Friday, April 15, 2016

Look! Book Arts | Healdsburg, CA



God's Femur
















It's 1965, I'm twenty-two years old, and six men in suits are hustling me through the basement of the shopping center that is host to the Nebraska Governor's Annual Art Competition.  They lead me to a stairway that descends deeper yet, into some sort of sub-basement--and a small windowless office, lit by a single 100-watt bulb and furnished with a desk, two chairs and a walk-in safe.  It's in this safe they have sequestered the painting I've entered into their show--but I don't know that yet.




















A short bald man sits at the desk, studying a piece of paper.  I'm directed to sit in front and the six men-in-suits form a semi-circle behind him.  He must be the big honcho, I figure, and suddenly I realize: of course! he's the guy who's gonna tell me I've won first place and give me the $400 prize!--which I desperately need in order to pay the tuition for my last semester at college.

In school I'm known for painting derivatives of Marc Rothko, but I couldn't see that kind of thing winning.  So, taking a cue from my anatomy class, I've created something figurative, Biblical even, in hopes of winning first prize.  And because Pop Art is de rigeur, I've included a comic book touch: a word balloon springing from the mouth of the figure.





















But instead of congratulating me, the short bald man at the desk looks up, stares directly into my forehead and says: "I am certain you know that it is illegal to sell pornography in the state of Nebraska."  

















"What's that?"

He repeats himself. "It is illegal to sell pornography in the state of Nebraska, and these men," (he motions behind him) "our lawyers, inform me that by entering the the competition and signing the form which stipulates the first-prize winner will be paid for his work, you have, in essence, placed your painting up for sale.

"And as you well know, the painting you have entered is obscene.

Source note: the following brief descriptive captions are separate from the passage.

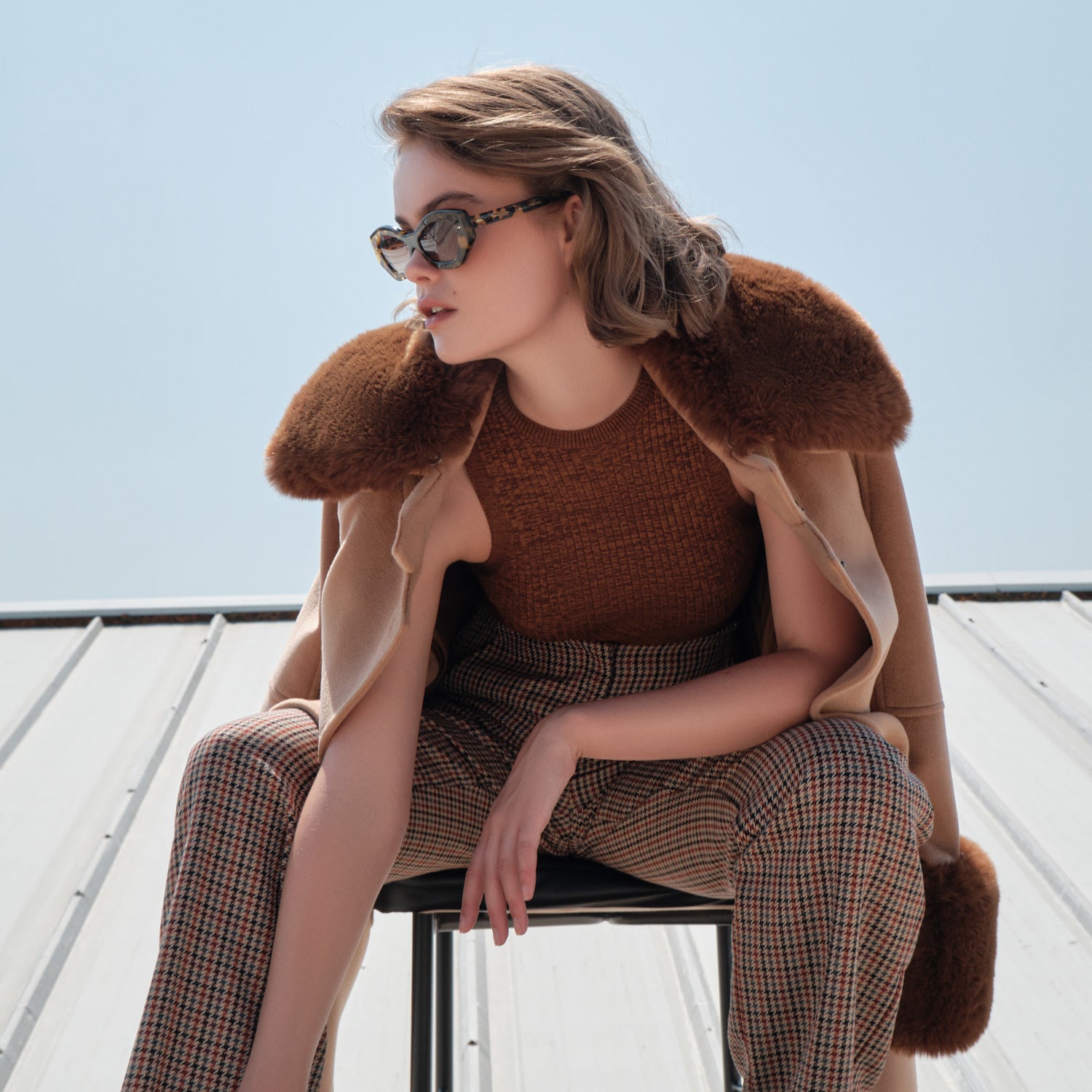 NONAT Atelier Outerwear Collection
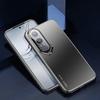 Для OnePlus Nord CE4 Lite 5G/Oppo K12x 5G (Китай) Чехол с подставкой для объектива, противоударный, из ПК+ТПУ, чехол для телефона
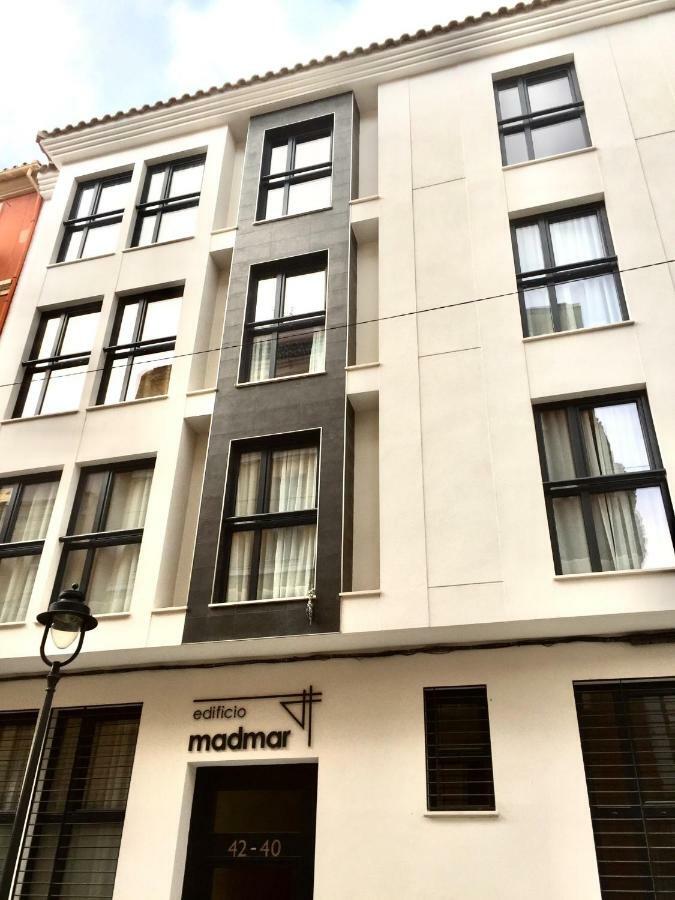 Apartamento Lujo Ancha Del Carmen Малага Екстериор снимка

"But," he says.  "But.  We would not like to see you go to jail.  We would prefer that you sign this form."  And he hands me the piece of paper, an agreement to remove my work from the show, no matter that judges have apparently awarded it first place.


Now, I'm a college kid so I've read my Kafka, but I don't yet use drugs so I think this kind of thing can't happen here.  But it can and it is and I don't know what to do.  I try arguing that my painting isn't dirty, that it's based on Michaelangelo's Creation of Adam (which is in the Vatican for God's sake) and that it's sort of an x-ray anatomical lesson in that you can see into it, the bones inside the figure--but the man on the other side of the desk interrupts me.  "Mr. Schumaker," he says, "you know we cannot hang a painting like this in our shopping center.  Children and nuns will be viewing this show."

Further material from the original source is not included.